Each line of the data below should be restated exactly, with images left out.

• Information provided:
◆ ◆ ◆

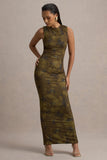 Jacinda Yellow Floral Print Bodycon Maxi Dress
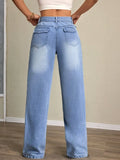 Washed High-Waisted Jeans
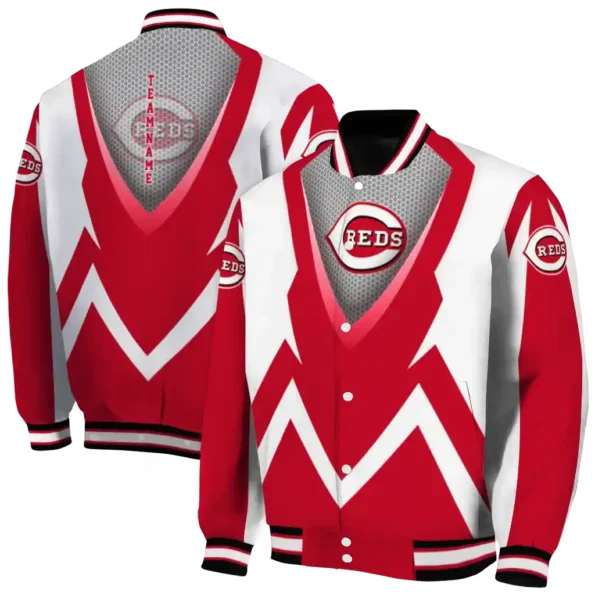 customized cincinnati reds v stripes red white varsity jacket fashion forward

◆ ◆ ◆

• Response box:
 Jacinda Yellow Floral Print Bodycon Maxi Dress
 Washed High-Waisted Jeans
 customized cincinnati reds v stripes red white varsity jacket fashion forward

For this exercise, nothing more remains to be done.